Evolution of Silver Fox’s Tactics
As recently as November 2025, Silver Fox was observed using a JavaScript loader to deliver ABCDoor. The loader was distributed via self-extracting (SFX) archives packaged inside ZIP archives, likely sent through phishing emails. Newer versions of RustSL have since expanded the geographic focus to include Japan.
The highest number of attacks has been detected in India, Russia, and Indonesia, followed by South Africa and Japan. The majority of loader samples discovered have employed tax-themed lures to imitate the infection sequence.
Dual-Track Operational Model
Since 2024, Silver Fox has evolved into a dual-track operational model that simultaneously conducts extensive opportunistic activities and espionage operations. In the early stages, the group targeted China for attacks but later expanded its operational scope to Taiwan and Japan.

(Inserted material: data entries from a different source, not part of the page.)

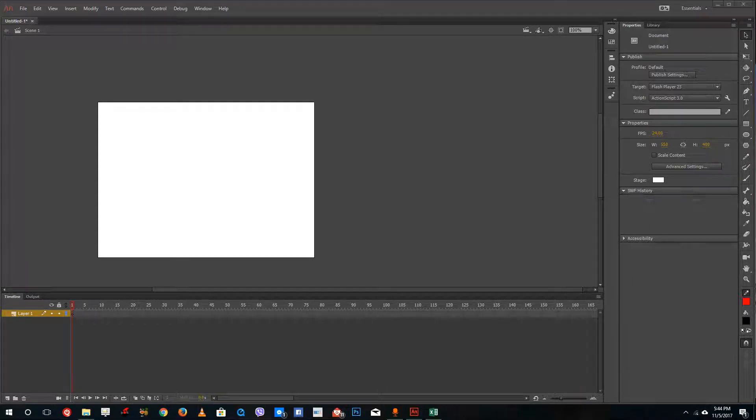Hello YouTube and welcome to lesson 17 of the Adobe Animate tutorial series. Today we're going to look at how to use the Eraser tool inside of Adobe Animate.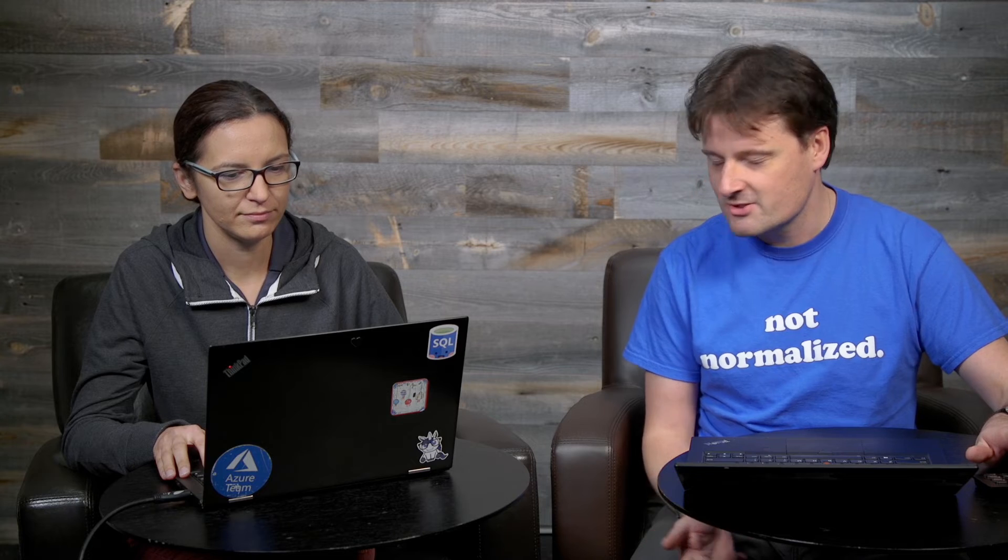Yeah. So there are a lot of things to talk about when it comes to high availability, and we're going to go through some of those aspects in this video. Okay. Cool. Let's get started.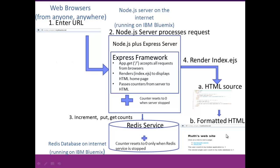This scenario picks up where Part 2 left off. So you already have your formatted HTML in Express. What we add in Part 3 is a Redis database service that's running on Bluemix where we actually store the counter into the database. So that makes it persistent.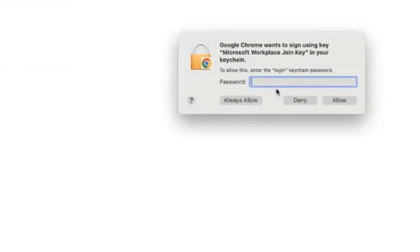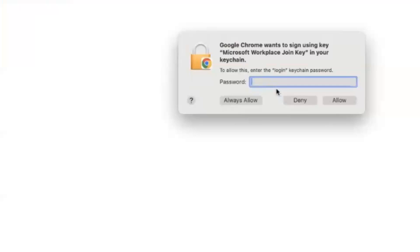Google Chrome wants to sign using key Microsoft Workspace Join Key in your keychain. What to do when you get this? You have to enter the password of your Mac, the local password of your Mac machine, and click on always allow.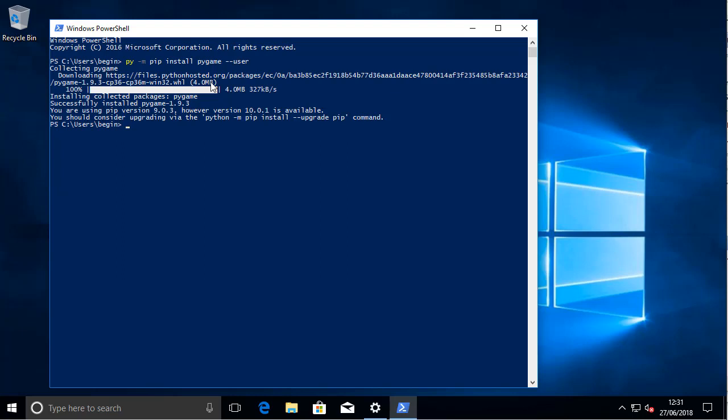Now we've got pygame working, we can start using it in our games. You can flip to page 66, download the example program — of which more in a second — and see what it does. So that's pygame on the machine, and everybody's happy.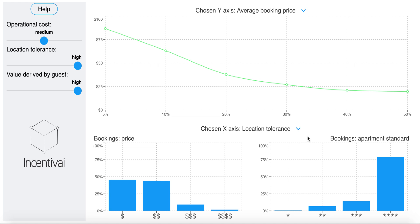Incentivy allows you to run simulations before you make your business decisions. Let's take a housing marketplace like Airbnb as an example.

The Silver Fox group primarily utilizes highly customized spear-phishing techniques for initial infiltration, deploying sophisticated and diversified attack scenarios tailored to the seasonal issues of the target country and the target’s work characteristics.
Conclusion
The Silver Fox cybercrime group’s recent activities underscore the evolving nature of cyber threats and the importance of vigilance against sophisticated phishing campaigns. Organizations, especially those in targeted sectors and regions, should enhance their cybersecurity measures, conduct regular employee training on recognizing phishing attempts, and implement robust email filtering systems to mitigate the risk of such attacks.